WHAT TO PRODUCE -
From the listing below, please restate exactly the lines beginning at the one with "Pesapallimüts Meeste ja" and ending at the one with "Greg Pocket B.D. - 3: Achille Talon", both included, and skip the pictures.

DATA -

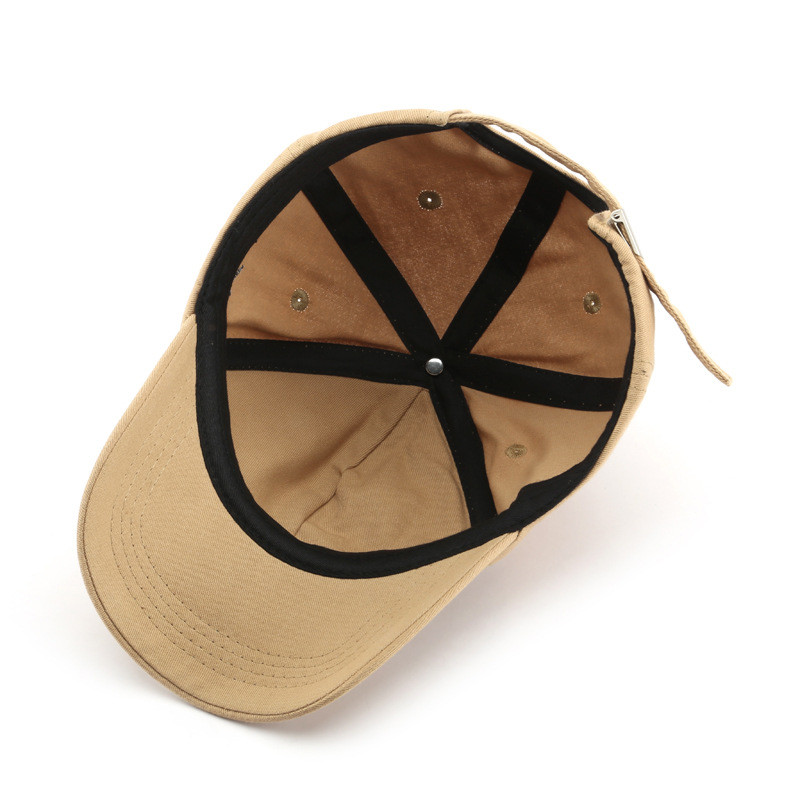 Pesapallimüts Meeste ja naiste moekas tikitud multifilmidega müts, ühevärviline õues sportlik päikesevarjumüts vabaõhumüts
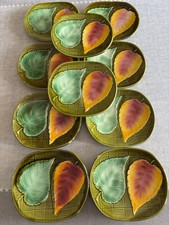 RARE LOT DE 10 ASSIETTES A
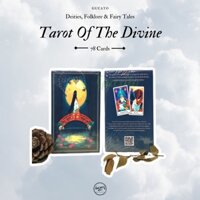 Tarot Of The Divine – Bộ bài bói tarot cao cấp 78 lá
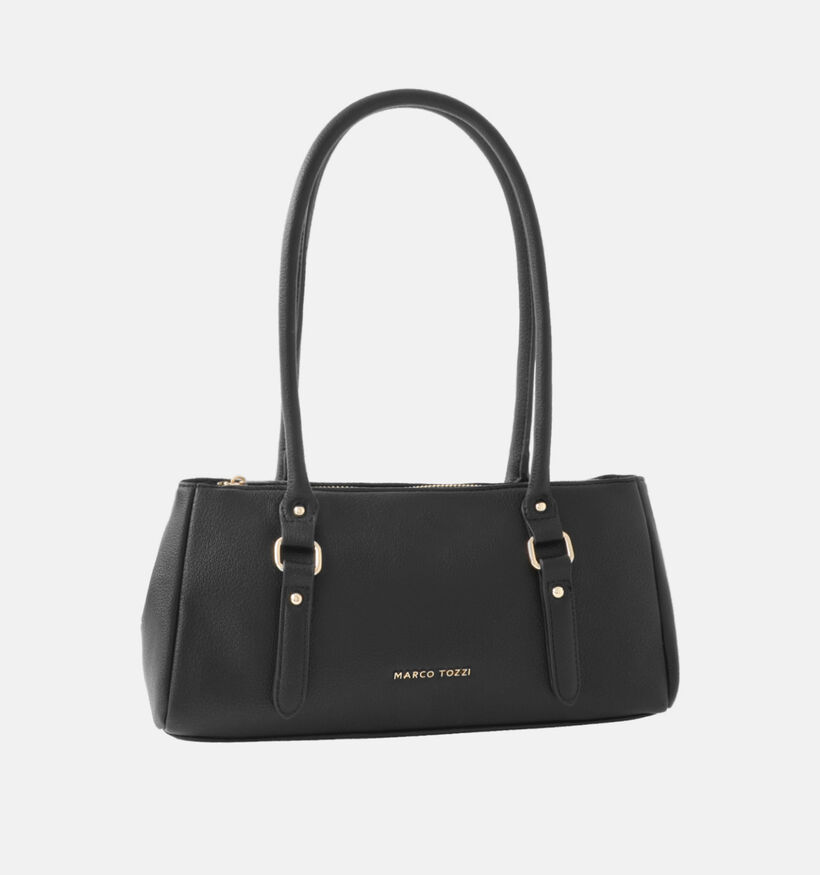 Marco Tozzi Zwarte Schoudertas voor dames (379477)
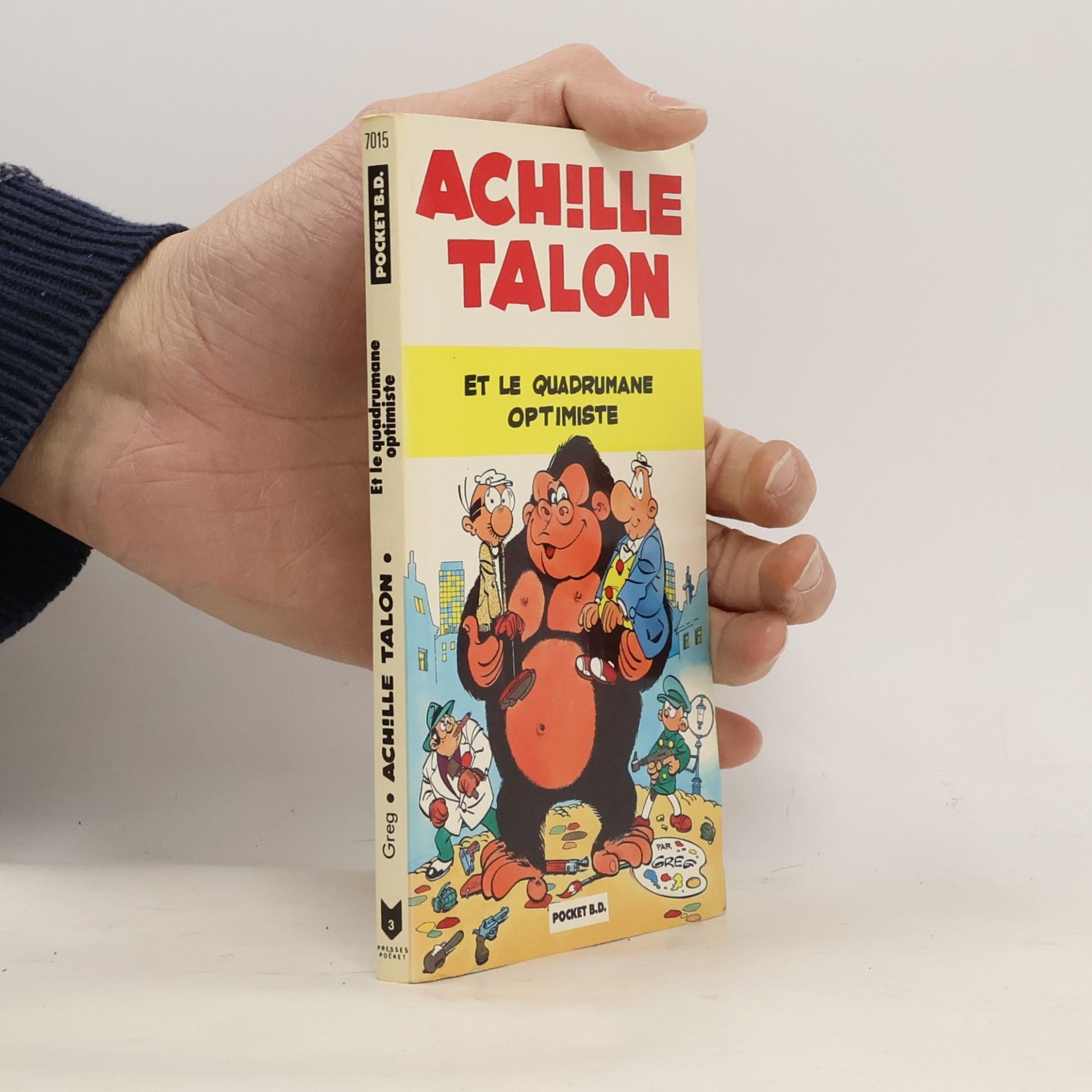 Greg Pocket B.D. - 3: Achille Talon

...

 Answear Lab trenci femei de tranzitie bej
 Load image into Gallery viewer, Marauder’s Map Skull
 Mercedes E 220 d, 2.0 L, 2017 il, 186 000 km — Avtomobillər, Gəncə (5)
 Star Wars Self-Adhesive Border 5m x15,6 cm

SOLUTION TO THIS PROBLEM -
 Pesapallimüts Meeste ja naiste moekas tikitud multifilmidega müts, ühevärviline õues sportlik päikesevarjumüts vabaõhumüts
 RARE LOT DE 10 ASSIETTES A
 Tarot Of The Divine – Bộ bài bói tarot cao cấp 78 lá
 Marco Tozzi Zwarte Schoudertas voor dames (379477)
 Greg Pocket B.D. - 3: Achille Talon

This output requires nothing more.